== Problem statement ==
Leaving out all pictures, transcribe the lines below exactly, from the first through the line containing "Autocollants SGW570FA6081 pour 2025+".

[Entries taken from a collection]
□ □ □ □ □ □ □

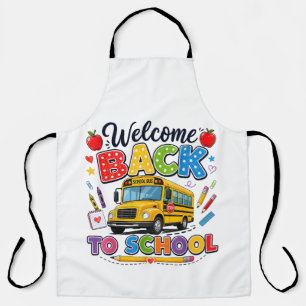 Welkom terug naar school Buschauffeur Eerste Dag Schort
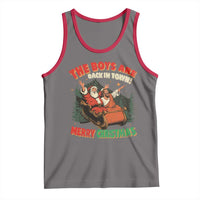 The Boys Are Back in Town Christmas Tank Top Funny Santa Jesus - Wonder Print Shop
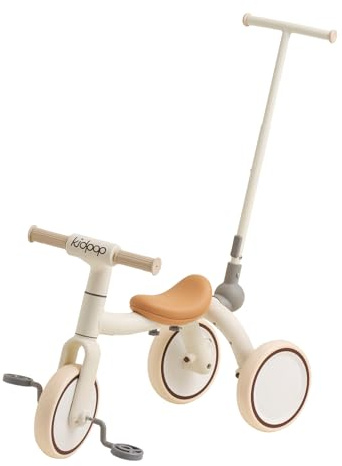 Kidpop 4-in-1 Grow-With-Me Pony Trike for Toddlers, White | Convertible Balance Bike, Tricycle, Push Trike, Scooter, Adjustable Handle, EVA Wheels, Gift for Kids Ages 1-4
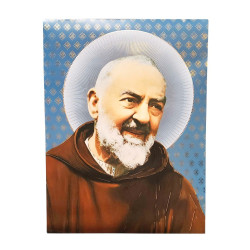Póster Padre Pío con detalles dorados – 30 × 40 cm
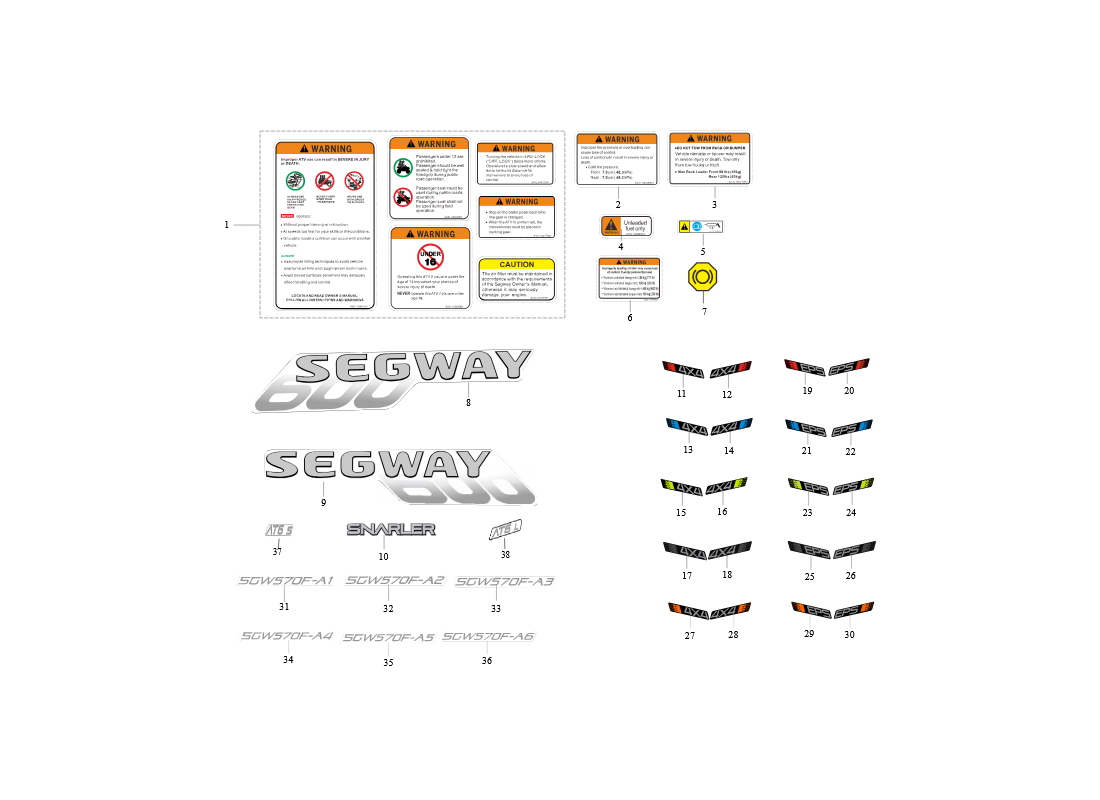 Autocollants SGW570FA6081 pour 2025+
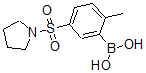 structure of CAS# 871333-01-6, B-[2-Methyl-5-(1-Pyrrolidinylsulfonyl)Phenyl]-Boronic Acid;1-[(3-Borono-4-Methylbenzene)Sulphonyl]Pyrrolidine, 2-Borono-4-(Pyrrolidin-1-Ylsulphonyl)Toluene;2-Methyl-5-(-1-Pyrrolidinylsulfonyl)Benzeneboronic Acid, 98%;2-Methyl-5-(Pyrrolidin-1-Ylsulphonyl)Benzeneboronic Acid 98%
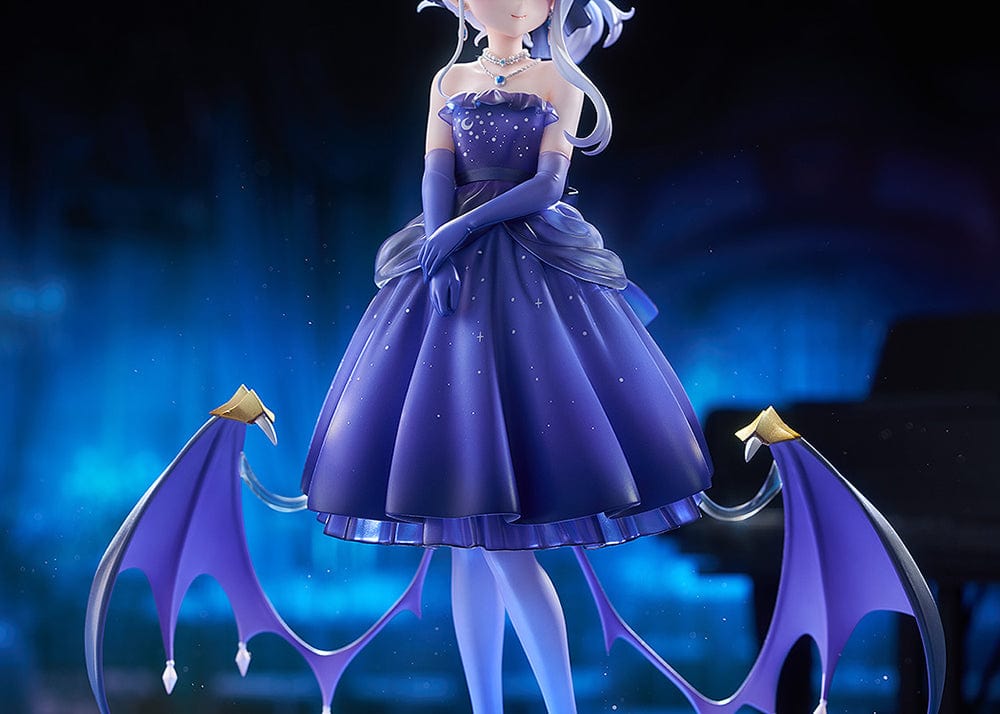 1/7 scale figure of Hina from Blue Archive in a starry purple dress with horns, bat-like wings, and a gothic floating crown.

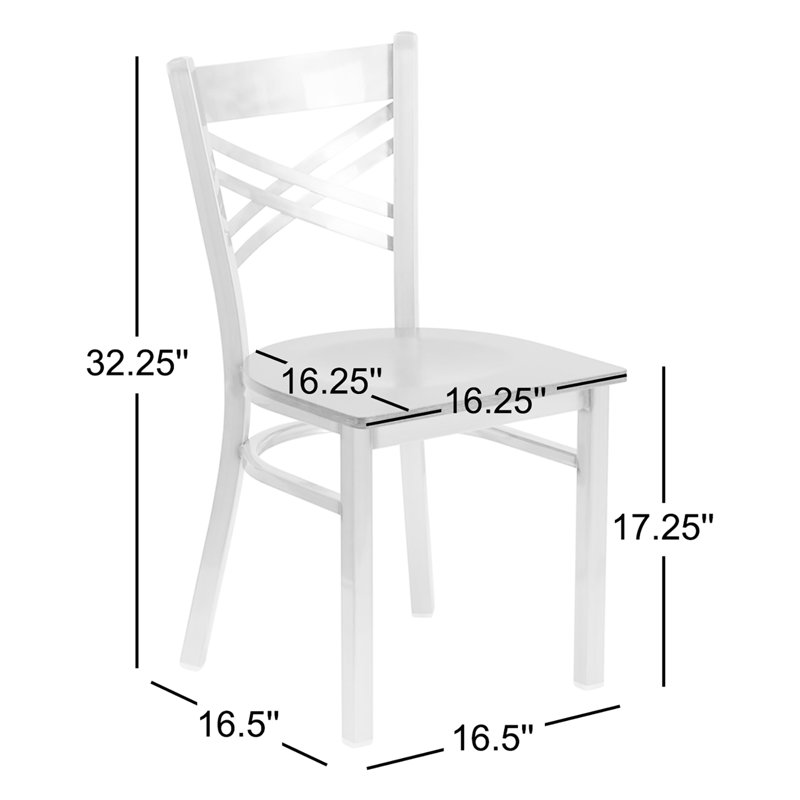 Clear Coated "X" Back Metal Restaurant Chair, 1, Burgundy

□ □ □ □ □ □ □

== Answer to this task ==
 Welkom terug naar school Buschauffeur Eerste Dag Schort
 The Boys Are Back in Town Christmas Tank Top Funny Santa Jesus - Wonder Print Shop
 Kidpop 4-in-1 Grow-With-Me Pony Trike for Toddlers, White | Convertible Balance Bike, Tricycle, Push Trike, Scooter, Adjustable Handle, EVA Wheels, Gift for Kids Ages 1-4
Póster Padre Pío con detalles dorados – 30 × 40 cm
 Autocollants SGW570FA6081 pour 2025+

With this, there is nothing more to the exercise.